The series was supposed to go on air as Karvachauth on Zee TV. However, as things didn't work out between the channel and production house, it was later granted permission by Star Plus and it went on air as Kesar.

Plot
Kesar (Nandini Singh) is a traditional Punjabi girl living with her large extended family in a village. She gets an offer of marriage from the wealthy Maliya family, living in a big city. Kesar marries Rudra (Nikhil Arya), the son of the Maliyas. She tries her best to cope with the sophisticated urban lifestyle of her new family. But soon she finds herself trapped in a web of deceit. It is revealed that Rudra and his mother Pam have conspired against the innocent Kesar for the sake of some valuable inheritance. Kesar's life goes through a great deal of turmoil. She finds support from Rudra's friend Abhi, who loves her selflessly. But Abhi dies a tragic and early death. His heart is transplanted into the body of Harman (Yash Tonk), who begins to experience the same feelings of love for Kesar. Meanwhile, Kesar has given birth to Rudra's daughter Muskaan. Rudra dies in a bomb blast. After many more troubles, Kesar decides to marry Harman. However, they are separated by adverse circumstances.
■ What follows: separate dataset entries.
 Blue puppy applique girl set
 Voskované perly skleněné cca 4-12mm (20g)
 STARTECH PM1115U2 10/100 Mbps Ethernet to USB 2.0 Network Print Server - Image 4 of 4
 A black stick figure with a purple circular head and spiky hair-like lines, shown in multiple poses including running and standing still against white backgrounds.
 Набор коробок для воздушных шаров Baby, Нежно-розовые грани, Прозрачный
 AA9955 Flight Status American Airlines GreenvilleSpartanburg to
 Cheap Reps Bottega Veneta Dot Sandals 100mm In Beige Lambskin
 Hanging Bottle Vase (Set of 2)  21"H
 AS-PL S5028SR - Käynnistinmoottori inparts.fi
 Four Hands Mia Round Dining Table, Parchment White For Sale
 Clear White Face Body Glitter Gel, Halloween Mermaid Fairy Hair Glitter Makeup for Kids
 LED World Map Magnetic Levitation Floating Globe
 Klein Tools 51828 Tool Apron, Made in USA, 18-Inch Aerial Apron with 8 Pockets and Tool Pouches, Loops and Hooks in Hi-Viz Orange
Going through these vicissitudes, Kesar gets a new face and identity as Kavita (played by Prachi Shah). She marries Police Commissioner Arjun Gill and brings up Abhimanyu, his son from his first marriage, as her own. She continues to miss her daughter Muskaan and her adopted son Krish. Later on, Kesar is reunited with her daughter Muskaan. The secret that Kesar and Kavita are the same person comes out before everyone. Kesar continues to live with Arjun  and Muskaan. Krish lives with Harman. Harman is married to Nupur but remains good friends with Kesar.
 
Nupur becomes jealous of Harman and Kesar's relationship. Nupur tries to kill Kesar, but instead hurts Harman and he became blind. The only person to know this is Nupur and Harman's daughter Khwaish. Krish meets Khushali, and they fall in love. Muskaan and Rohan meet and fall in love too. On their engagement night, Kesar finds out Rohan's real name is Ajay and he was married before. Krish and Khushali get engaged but Muskaan and Rohan do not. Rohan leaves the house but tells everyone that he had already informed Muskaan about this truth in a CD. However, Muskaan never managed to watch it. Later, the misunderstanding is cleared up. Muskaan decides to get back with Rohan, but on her engagement night, she is almost strangled to death. The person who wants to kill Muskaan is Naina, her wedding planner. Naina has loved Rohan for a long time but he does not love her. On Muskaan and Rohan's wedding day, police arrest him for killing his first wife. Naina is actually the one who has killed Rohan's first wife. She gathers evidence against Rohan and shows it to the police, so that his marriage will be delayed. Kesar and Arjun support Rohan. They compel Naina to admit that she killed Rohan's first wife. Naina then commits suicide.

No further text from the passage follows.